The report - Wealth Structuring and the International Financial Centres: Perspectives from the GCC - reflects the views of over 70 wealth management industry practitioners working in the GCC market during a thought-leadership roundtable held in September 2018 in Dubai.
With an estimated US$1 trillion of wealth set to transition between families and generations in the Middle East during the next decade, the report highlights the opportunities that await HNW investors and wealth management companies in the region. According to the proprietary research, prepared in conjunction with Hubbis, there is a growing preference from clients to professionalise the way succession planning is managed, despite the lack of preparedness. Against this backdrop, IFCs that can demonstrate their dedication to transparency, ethics, and quality will survive and prosper in this changing environment.
The white paper additionally explores the future role of wealth structuring and IFCs in the GCC region, as the world faces increased global regulation coupled with growing demands for financial and wealth compliance.
Richard Nunn, head of business development at Jersey Finance, commented: “We are seeing a growing momentum amongst the older generation HNWIs who are reviewing their wealth planning strategies while they are still firmly at the helm. As this is predominantly a family and very personal wealth market, wealth transition and succession planning are still two of the most important topics that the wealth management industry is focused on in this part of the world. As legal and financial infrastructures continue to evolve both globally and locally, there is a stronger need for first-class IFCs and financial practitioners to provide a full suite of wealth management services to cater to the needs of GCC wealthy individuals.”

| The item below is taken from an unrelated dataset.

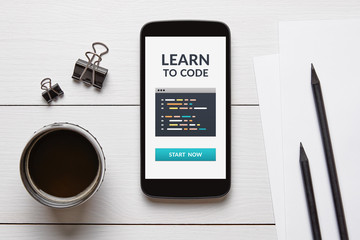 Learn to code concept on smart phone screen with office objects on white wooden table. Top view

Looking at the sentiment of clients in the region, the report shows that they are gradually refining their views on their structures in place. 75 percent of clients now stress test their existing wealth structures, whilst 42 percent see reputation as a critical factor when selecting an IFC.
The use of offshore jurisdictions is highly driven by the geopolitical climate and fears of instability (25 percent) and succession planning (25 percent) followed by privacy and confidentiality (17percent), asset protection (17 percent), tax efficiency (eight percent), and diversification of jurisdictions and assets (eight percent). This is adding more impetus to clients’ initiatives towards global asset/wealth diversification, wealth structuring and use of IFCs.

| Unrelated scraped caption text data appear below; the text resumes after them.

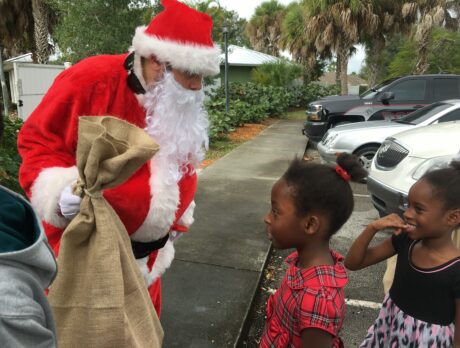 Santa, helpers give gifts to children’s center, families in need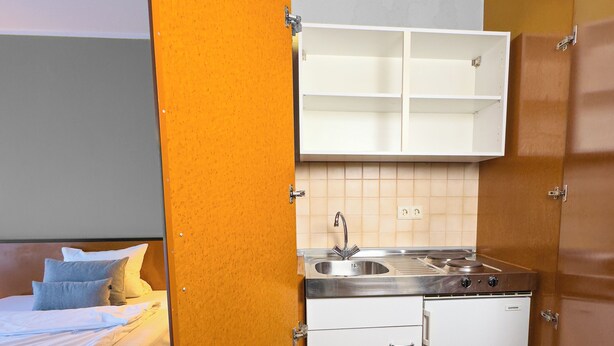 A compact hotel room with a kitchenette, a bed with a 'Feel at Home' sign, and a small bathroom. - Coffee Fellows Hotel Frankfurt-Langen (Langen)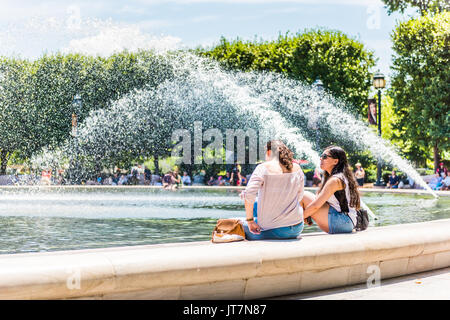 Washington DC, USA - Juli 3, 2017: Junge Mädchen Frauen sitzen auf plätschernden Springbrunnen in der skulpturengarten der Nationalgalerie im Sommer auf N Stockfoto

The research also indicates that regional markets believe their confidentiality will be best safeguarded in those IFCs which are known to maintain their reputational excellence. According to the findings, HNWI clients in the Middle East understand that the selection of IFC is critical, with reputation being the most important factor. As such, there is a clear trend towards Tier 1 IFCs that are noted for their expertise, regulatory robustness and transparency.
Mr Nunn added: “In this context, our presence in the Dubai International Finance Centre presents a big opportunity as it boasts a dynamic, and integrated business environment. Jersey has a long and solid history in the region and, amidst increasing local and global regulation and compliance requirements, has been successful at promoting its credibility as an IFC of excellence.

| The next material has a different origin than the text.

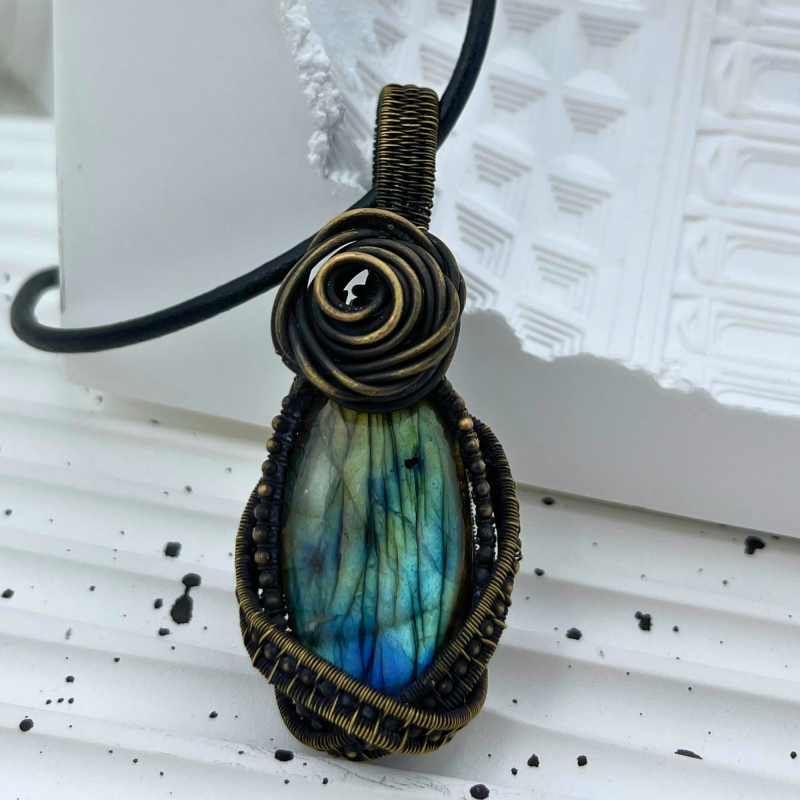 Neptune's Heart: Oceanic Labradorite Pendant with Intricate Silver Sea Foam Frame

"As such, we are very proud to become the only IFC in the DIFC, a testament to our commitment to the region and a strong endorsement to the wealth creation dynamics here. The DIFC is a well-respected environment that enables Jersey firms to have a GCC domestic proposition in addition to the Jersey private wealth management solutions.”
The report also found that:
- The more sophisticated HNWI clients in the GCC are concerned about the cost of having multiple structures in multiple jurisdictions, according to one third of respondents. 75 percent of industry experts agree that clients are looking to increasingly concentrate their assets and structures in one centre.
- Offshore corporate structures and private trust companies appear to be the preferred options for the core of GCC HNWI wealth structuring, while trust structures are considered the next most important, alongside citizenship and residency planning.
- There is a gradual move towards Sharia-compliant structures such as foundations, and tax transparent structures. There is also a shift away from jurisdictions that are coming under scrutiny, such as those in the Caribbean due to privacy concerns and the fear of unwanted disclosure of their assets.